Your instructions: Restate word for word only the lines from the one with "LEKETREE Desk Organizer, Office" through the end of the records; no pictures belong in the copy.

Data for review:
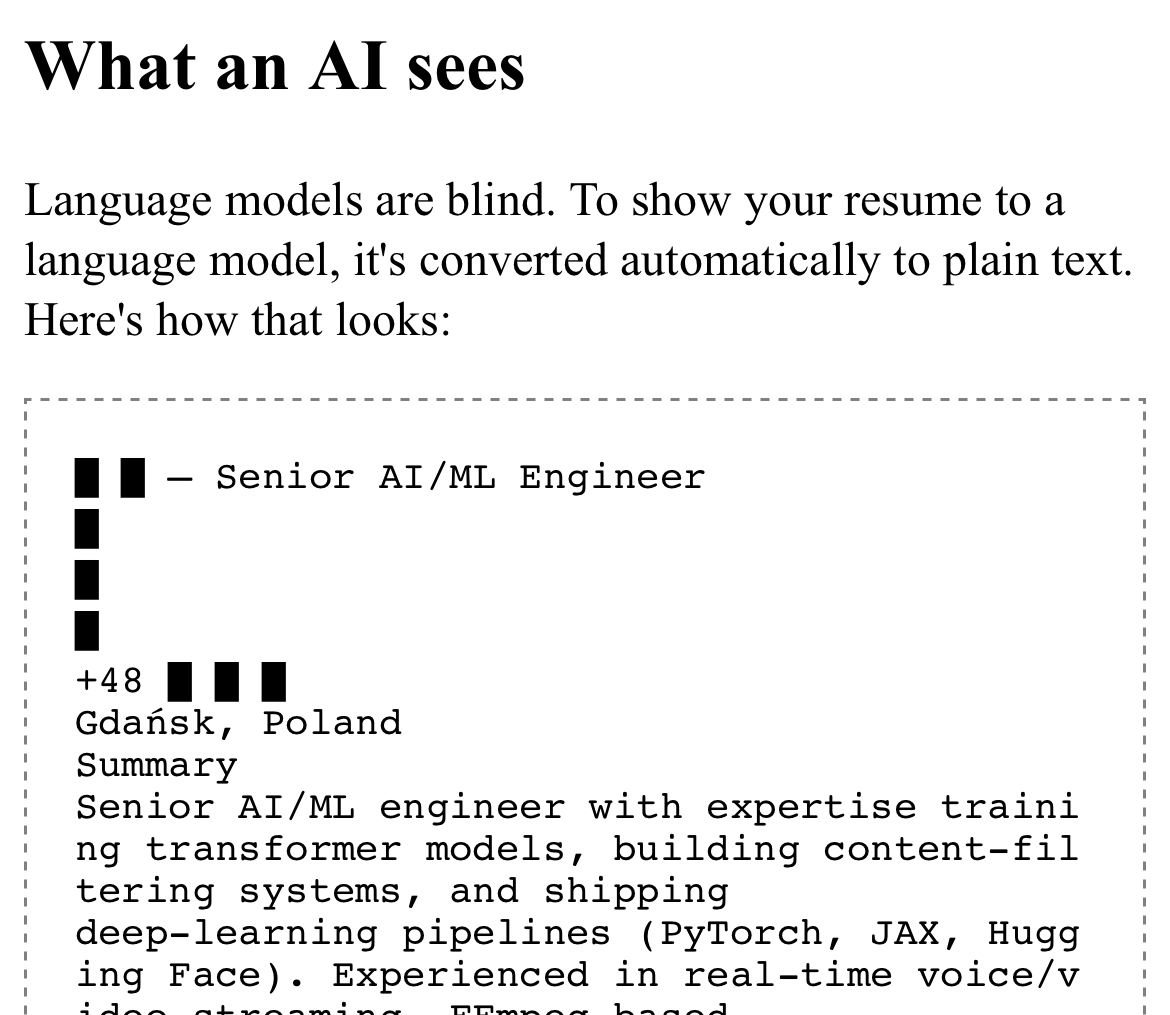 Screenshot showing the scrape, raw text with redactions, extracted from a PDF.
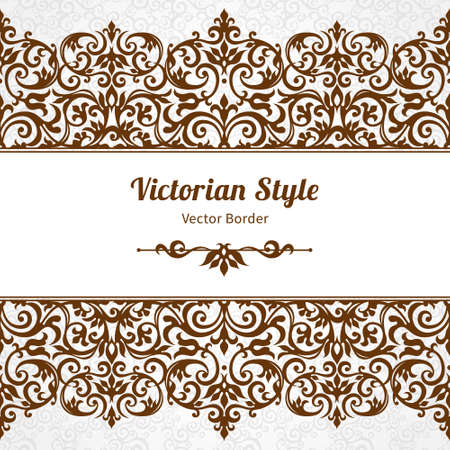 Vector ornate seamless border in Victorian style. Gorgeous element for design, place for text. Ornamental vintage pattern for wedding invitations, birthday and greeting cards.Traditional contrast decor.のイラスト素材
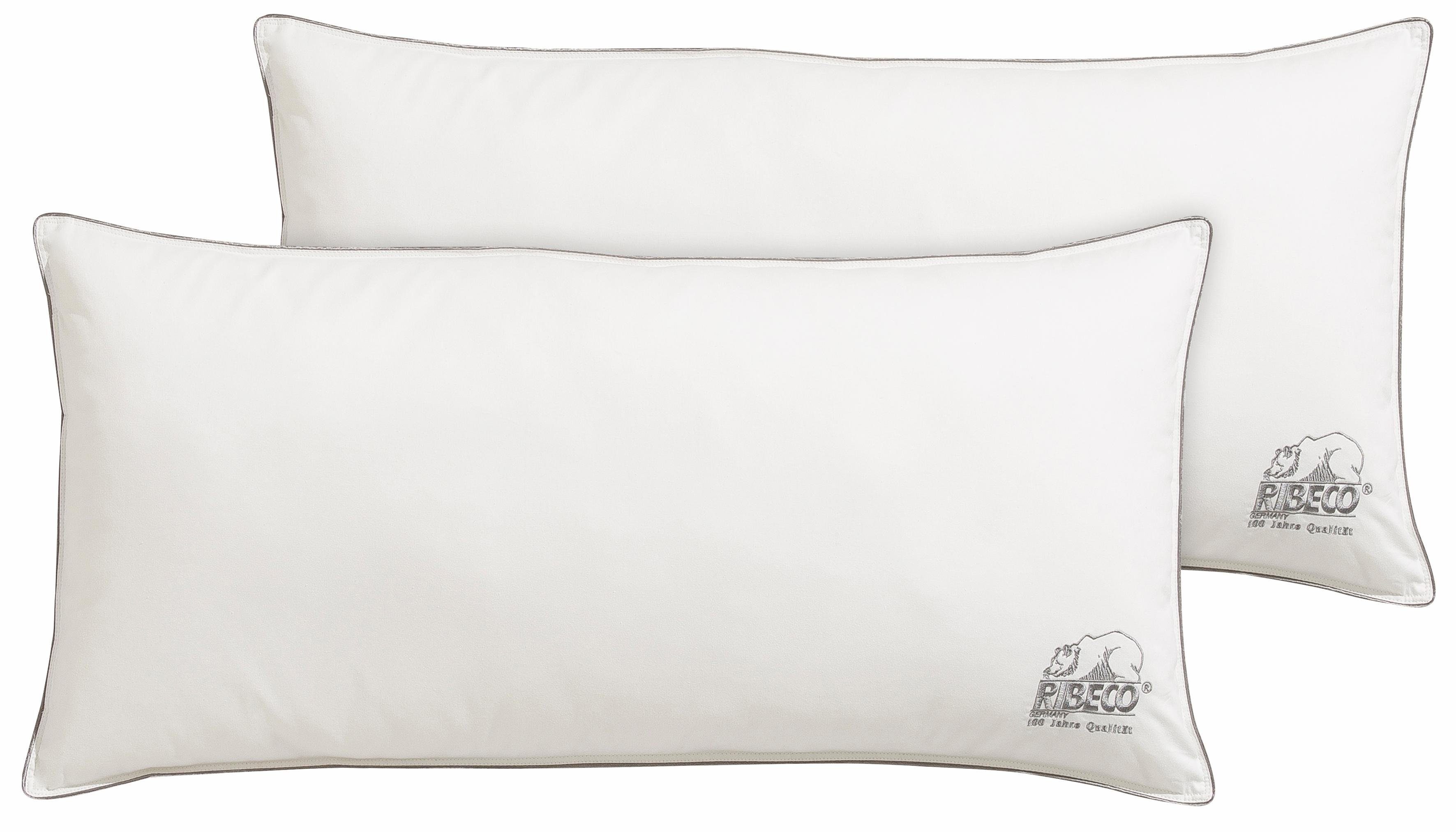 RIBECO Microfiberkussen Marie (voordeelset) hoofdkussens maat 40 cm x 80 cm wit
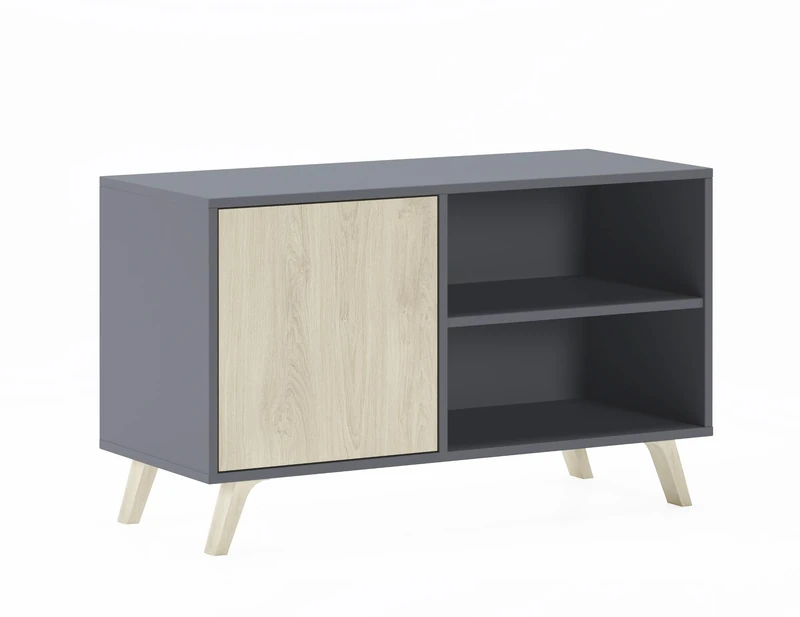 Skraut Home - TV furniture 100 with door, living room furniture, Model Wind, colour Anthracite Grey and Puccini, 95x40x57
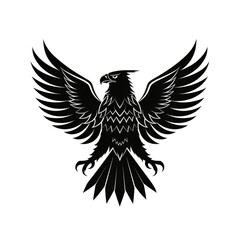 Obraz premium Black Eagle Silhouette with Outstretched Wings on White Background.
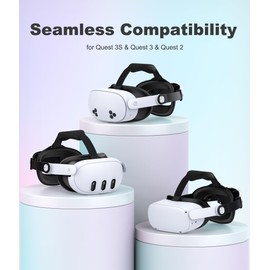 Kawaye Head Strap Compatible with Meta Quest 2/Quest 3S/Quest 3 Head Strap【Added Cotton Back Pads for More Comfort】, Adjustable VR Headset Strap Accessories Enhanced Support&Reduce Pressure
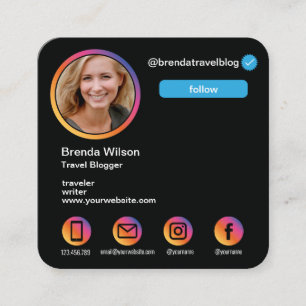 Instagram Style Blogger Travel fashion Lifestyle Square Business Card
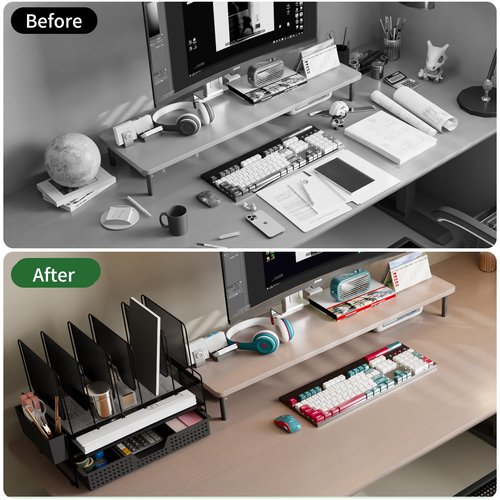 LEKETREE Desk Organizer, Office Organization with Vertical File Holder, File Organizer with Drawer and Pen Holder, Desk Accessories and Workspace Organizers for Home Office (Black)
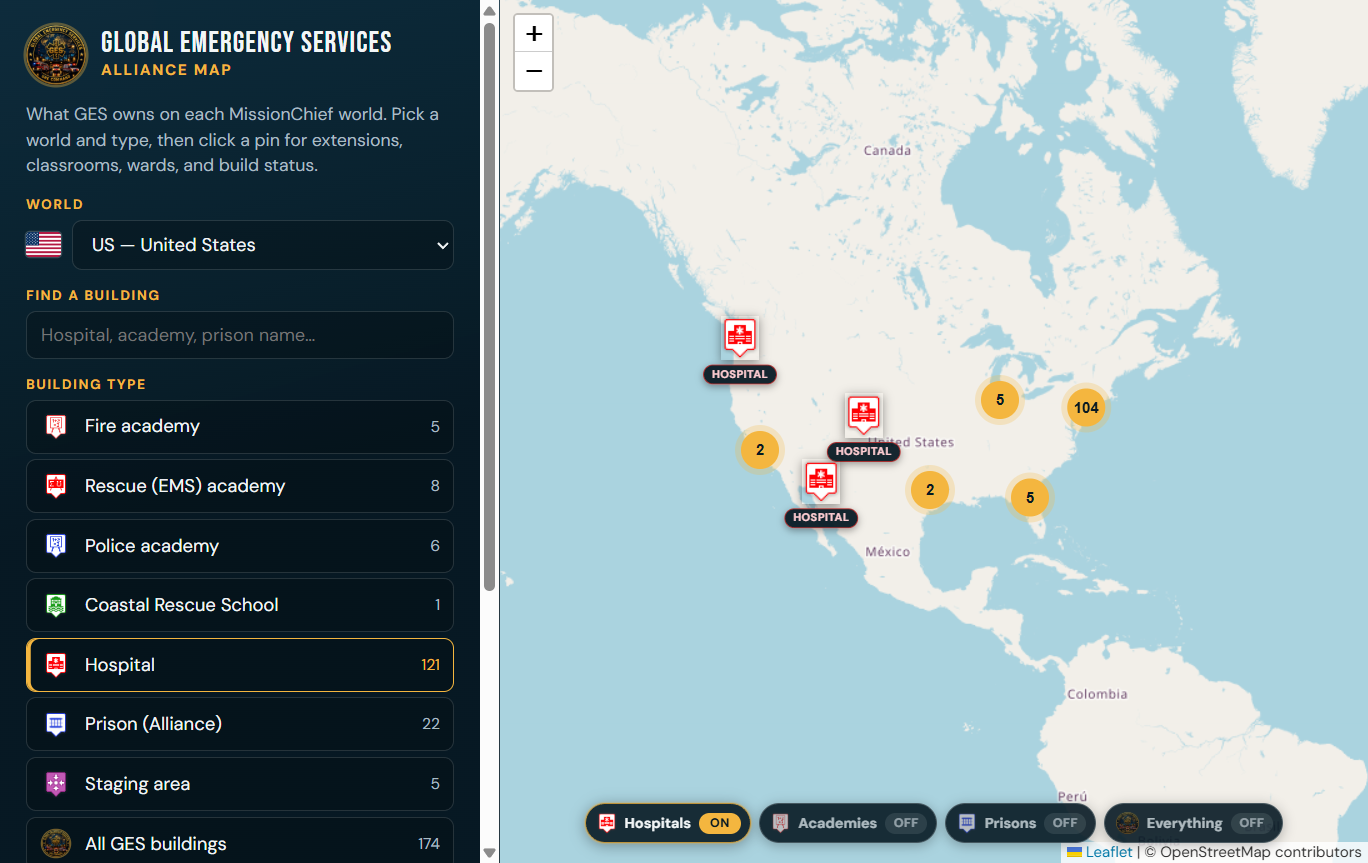 GES alliance map showing hospitals across the United States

Answer to the exercise:
 LEKETREE Desk Organizer, Office Organization with Vertical File Holder, File Organizer with Drawer and Pen Holder, Desk Accessories and Workspace Organizers for Home Office (Black)
 GES alliance map showing hospitals across the United States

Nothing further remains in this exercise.